Here is a numbered list of statements, some true, some false, which refer to a specific number (unique positive integer, base 10).
It just so happens that if a statement is true then its index number appears among the number's digits, and if a statement is false then its index number does not appear among the number's digits.
- The sum of the number's digits is a prime.
- The product of the number's digits is odd.
- Each of the number's digits is less than the next digit (if there is one).
- No two of the number's digits are equal.
- None of the number's digits is greater than 4.
- The number has fewer than 6 digits.
- The product of the number's digits is not divisible by 6.
- The number is even.
- No two of the number's digits differ by 1.

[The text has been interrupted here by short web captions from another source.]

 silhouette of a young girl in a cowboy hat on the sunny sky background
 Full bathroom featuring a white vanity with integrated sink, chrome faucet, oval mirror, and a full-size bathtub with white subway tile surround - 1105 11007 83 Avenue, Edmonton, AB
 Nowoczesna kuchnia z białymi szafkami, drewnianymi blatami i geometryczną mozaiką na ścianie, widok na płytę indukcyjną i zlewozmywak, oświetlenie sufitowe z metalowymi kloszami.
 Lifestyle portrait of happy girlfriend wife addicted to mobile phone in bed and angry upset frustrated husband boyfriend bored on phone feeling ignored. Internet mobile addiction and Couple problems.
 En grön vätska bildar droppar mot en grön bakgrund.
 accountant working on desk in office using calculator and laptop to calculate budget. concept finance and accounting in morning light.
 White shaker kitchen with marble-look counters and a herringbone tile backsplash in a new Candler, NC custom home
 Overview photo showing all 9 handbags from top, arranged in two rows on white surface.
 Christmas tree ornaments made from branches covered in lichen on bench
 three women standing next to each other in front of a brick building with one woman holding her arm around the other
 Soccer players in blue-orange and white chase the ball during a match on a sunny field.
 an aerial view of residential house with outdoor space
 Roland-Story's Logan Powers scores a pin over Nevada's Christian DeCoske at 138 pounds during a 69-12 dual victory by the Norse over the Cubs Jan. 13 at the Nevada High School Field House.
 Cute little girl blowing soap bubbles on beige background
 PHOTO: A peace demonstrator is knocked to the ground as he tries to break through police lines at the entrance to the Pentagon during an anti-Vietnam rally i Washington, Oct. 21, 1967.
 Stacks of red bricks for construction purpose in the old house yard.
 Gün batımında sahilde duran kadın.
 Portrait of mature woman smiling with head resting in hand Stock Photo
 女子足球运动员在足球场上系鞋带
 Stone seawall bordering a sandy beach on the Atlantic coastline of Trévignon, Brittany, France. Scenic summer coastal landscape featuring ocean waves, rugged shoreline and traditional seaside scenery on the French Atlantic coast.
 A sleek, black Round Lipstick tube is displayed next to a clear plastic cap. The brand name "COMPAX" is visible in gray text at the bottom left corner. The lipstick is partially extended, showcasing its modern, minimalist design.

- At least one of the number's digits is equal to the sum of two other digits. (Any of the digits may be equal, as long as all 3 digits are distinct... for example: {2, 2, 4} or {2, 3, 5} )
Find the number.
(In reply to
Solutions by Rafal)
I don't think that 80555, 85055, or 85505 count, because 5 + 0 = 5, but there is no 9.
However, I also found 8005 and 97532. Originally I assumed the decreasing condition for 2 was in the reverse order, so I only found 8005. Here is a convoluted first attempt at proving that no number with more than 9 digits satisfies.
Suppose there is a number with 10 digits or more that satisfies all conditions.
There can be no 5, because the number has more than 5 digits.
This means that only 9 digits are left for 10 slots, so by the pigeonhole principle there can be no 3, since two digits must be equal.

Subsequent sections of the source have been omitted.